* [Material shown]
----

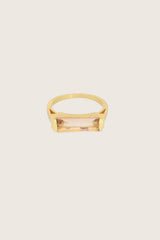 Anillo Geam de morganita chapado en oro fino reciclado de 18K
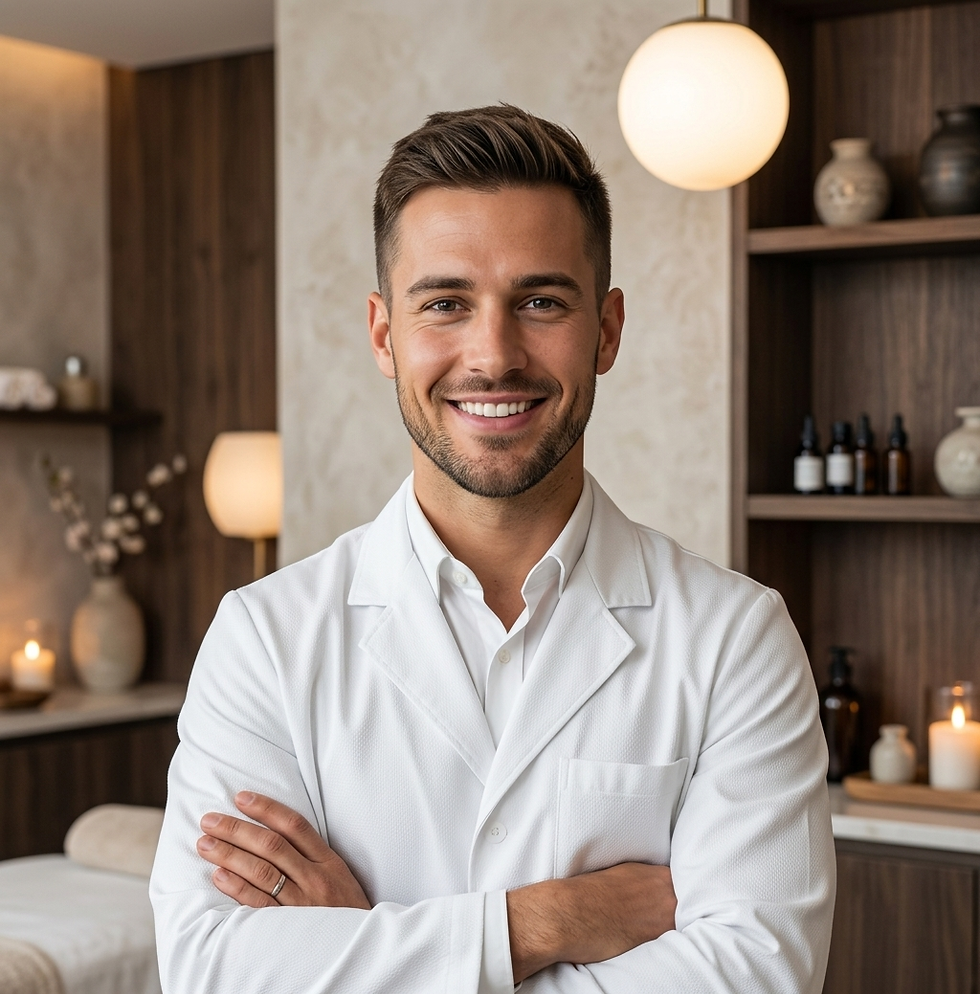 Smiling male professional in a white coat with arms crossed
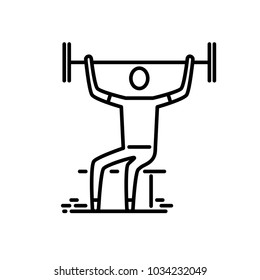 Thin line icon. Man with barbell doing weightlifting.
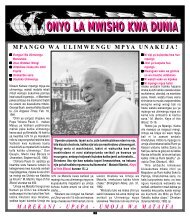 ONYO LA MWISHO KWA DUNIA - infonom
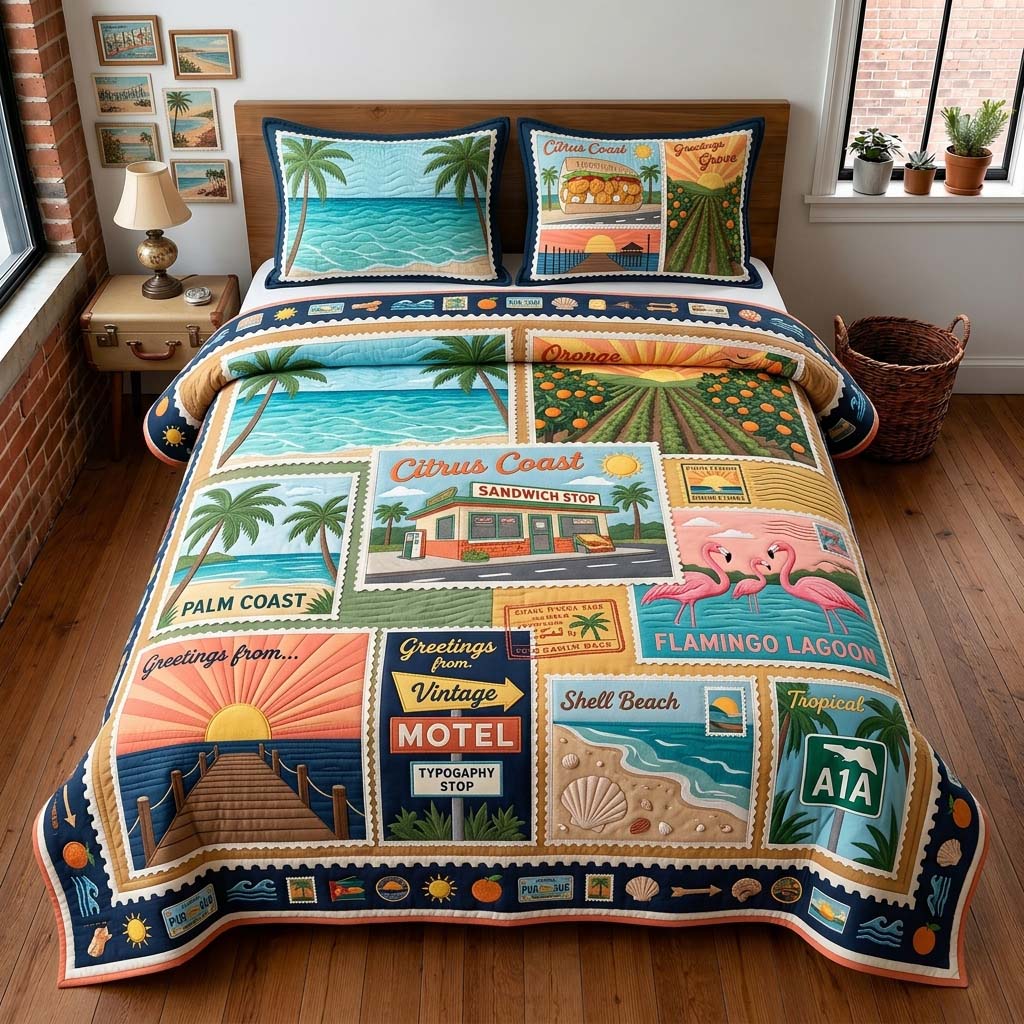 Citrus Coast 3-Piece Quilted Bedding Set GDTONTD679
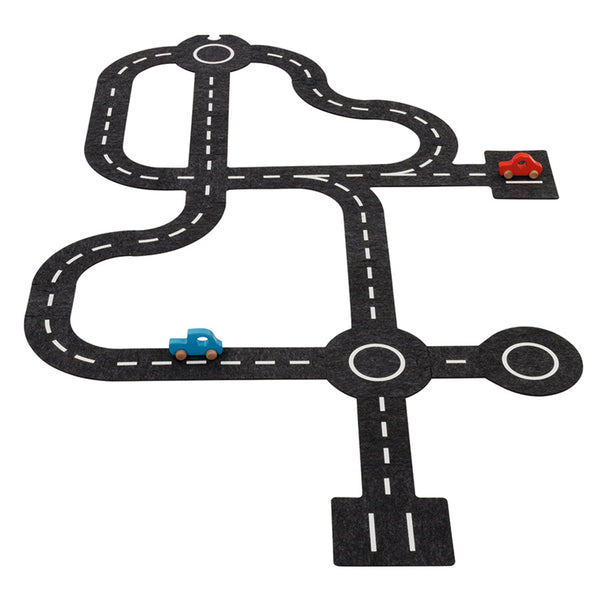 Goki toy roads with 2 wooden cars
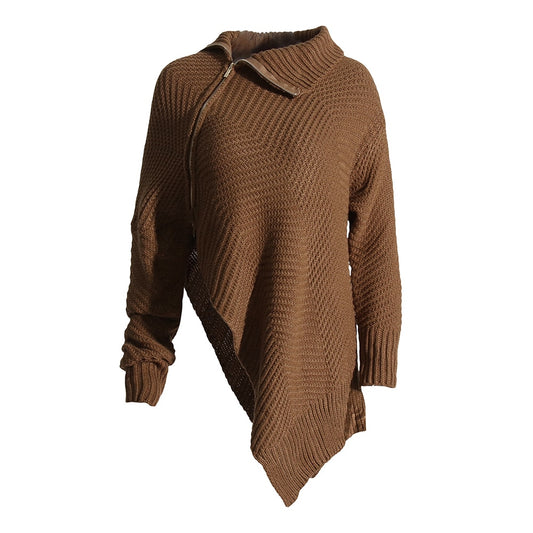 Knitting Solid Sweater For Women Stand Collar Long Sleeve Minimalist Loose Pullover Female Autumn Clothing New - Mammalook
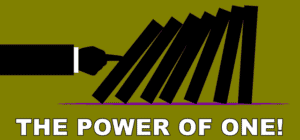 Illustration of a hand stopping dominoes from falling, symbolizing individual influence and decisive action in politics and society.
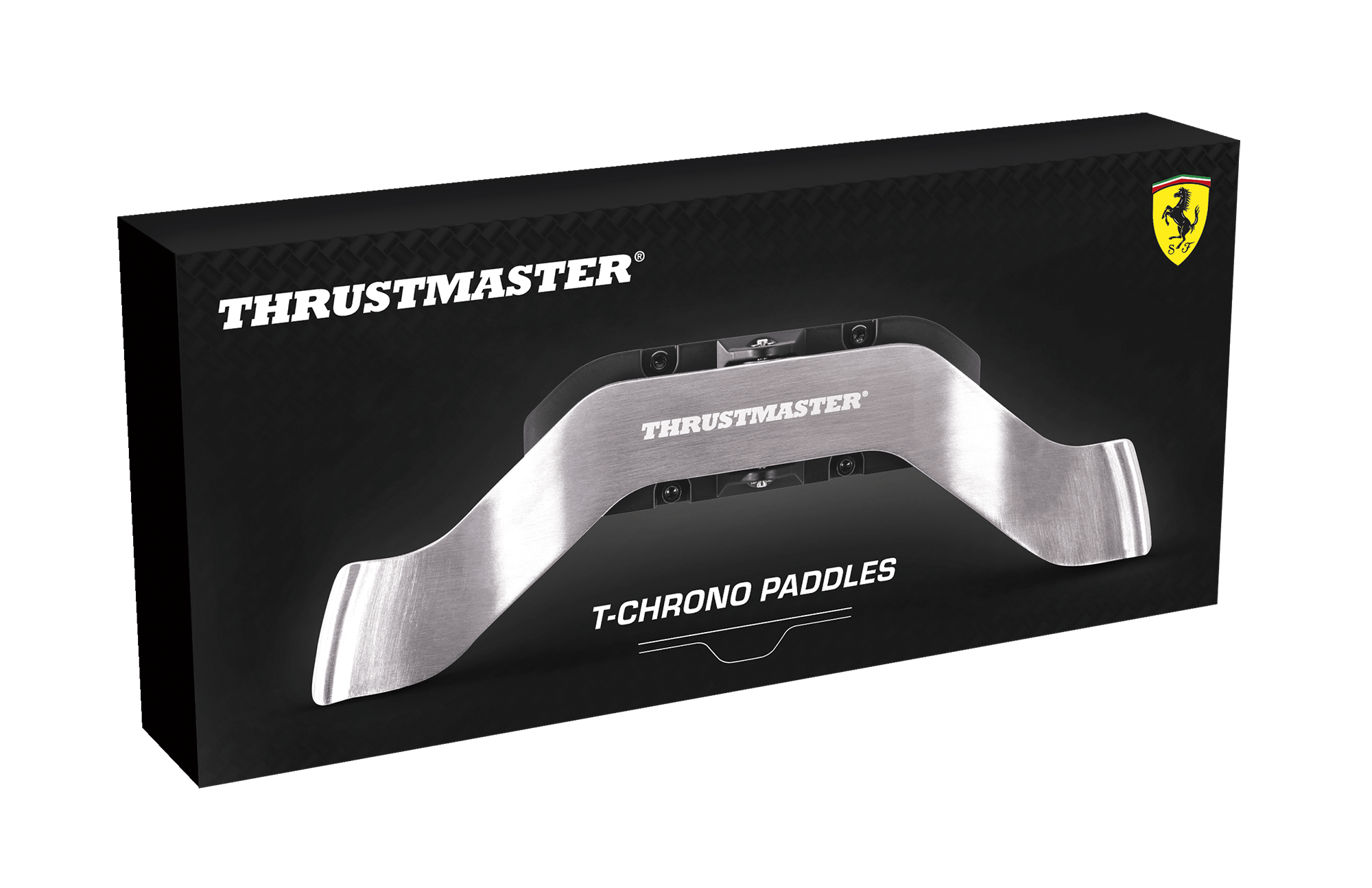 Schwarze Box mit Thrustmaster T-Chrono Paddles und Ferrari-Logo.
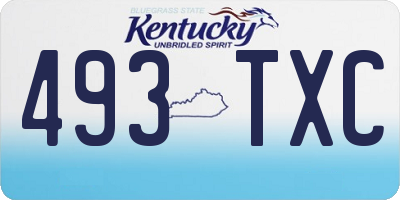 KY license plate 493TXC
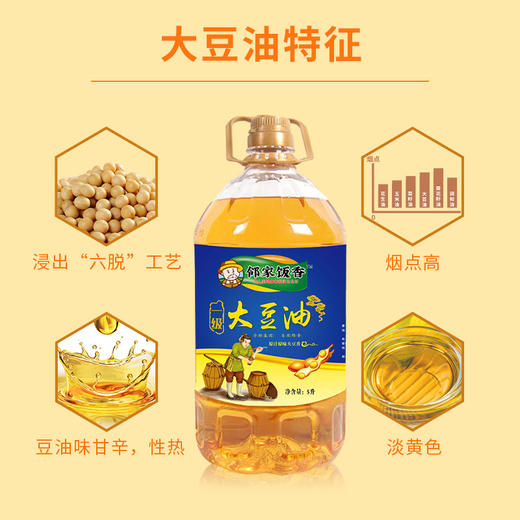 【邻家饭香】非转基因 浸出一级大豆油 5L/桶 LJFX163 商品图2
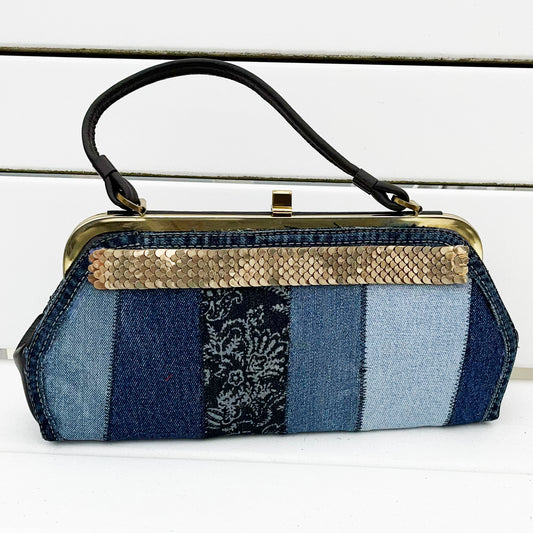 Blue Denim Stripe Handbag with metallic serpent trim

----

* [What you should do]
Everything in the data except the pictures needs to be written out exactly.

* [Final answer]
 Anillo Geam de morganita chapado en oro fino reciclado de 18K
 Smiling male professional in a white coat with arms crossed
 Thin line icon. Man with barbell doing weightlifting.
 ONYO LA MWISHO KWA DUNIA - infonom
 Citrus Coast 3-Piece Quilted Bedding Set GDTONTD679
 Goki toy roads with 2 wooden cars
 Knitting Solid Sweater For Women Stand Collar Long Sleeve Minimalist Loose Pullover Female Autumn Clothing New - Mammalook
 Illustration of a hand stopping dominoes from falling, symbolizing individual influence and decisive action in politics and society.
 Schwarze Box mit Thrustmaster T-Chrono Paddles und Ferrari-Logo.
 KY license plate 493TXC
 【邻家饭香】非转基因 浸出一级大豆油 5L/桶 LJFX163 商品图2
 Blue Denim Stripe Handbag with metallic serpent trim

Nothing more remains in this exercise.